However, such emergency-state practices which undermine democracy are rooted in a context characterised by further anti-democratic dynamics. In the everyday culture of many people the Catholic Church plays an important and problematic part: it fights abortion rights and gay marriage; in Spain it is closely linked to the PP which is opposed to coming to terms with the past. In a similar way this is also true for Hungary, where in the name of the struggle against totalitarianism, the memory of the fascist tradition is largely blotted out. Even if they do not take place in Europe, the authoritarian practices widespread in the USA are by no means unimportant, among them the struggle of the Republicans against abortion rights, the social welfare state and public health and pension insurance. But also the fact that Guantanamo still exists, that its inmates, being so-called “enemy combatants”, have no rights at all, is as serious as the “National Defense Act” signed by President Obama in December 2011, which allows the army to imprison any US citizen suspected of terrorism for an unlimited time and without judicial control.

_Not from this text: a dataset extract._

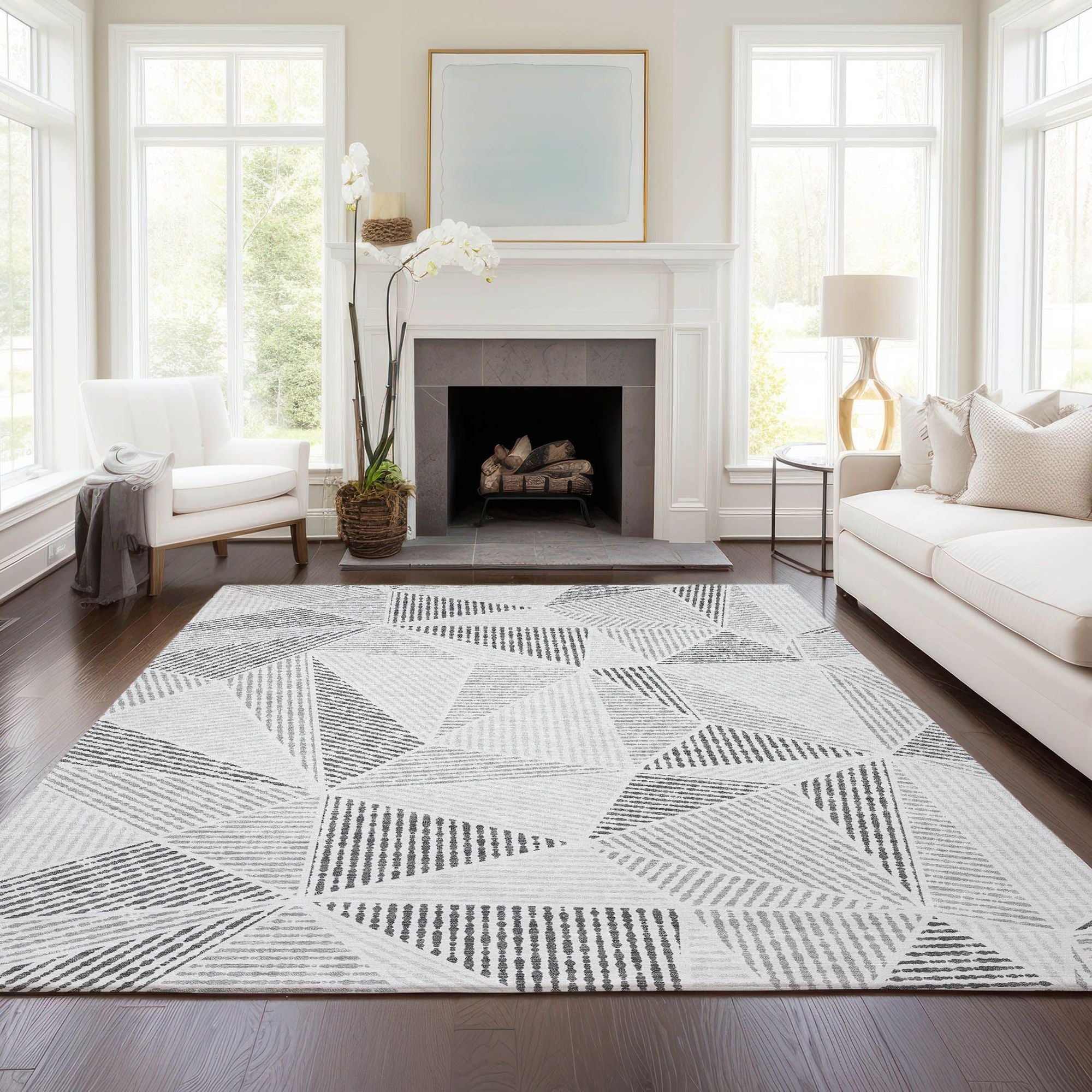 Machine Made ACN618 Gray  Rugs #color_gray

The protests organised in some countries have so far had little effect. The participants – Greeks, Italians, Spaniards and Portuguese – are protesting by themselves and with a view to their own governments. The danger of a relapse into a new nationalism is real. Instead, Europe-wide forms of political discussion are necessary, for example, within the context of Attac, the joint protest of the social movements (such as in Frankfurt in May) or the European trade unions. Those among the working or petit bourgeois classes are blind if they believe they will be spared the austerity measures. Moreover, these measures will contribute to the deterioration of the economic situation, because the German model (focus on exports, low wages, debt brake, government cutbacks) cannot be generalised. To preserve and strengthen democracy it is necessary to demand, to strengthen and to advocate democratic rights not only on a national, but also at a European level. Democratisation of the European Union is long overdue. This process of democratisation must not restrict itself to strengthening parliament and creating a European public. Rather, it has to envisage, alongside the democratisation of all areas of everyday life, a democratisation of the economy, that is, of labour relations, the investment function of companies as well as the democratisation of credit. Such democratisation can only be realised in the form of a democratic socialism.
Literature
Demirović, Alex (2009): “Kehrt der Staat zurück? Wirtschaftskrise und Demokratie” [Is the State Coming Back? Economic Crisis and Democracy], in: Prokla 157, No. 4, December 2009.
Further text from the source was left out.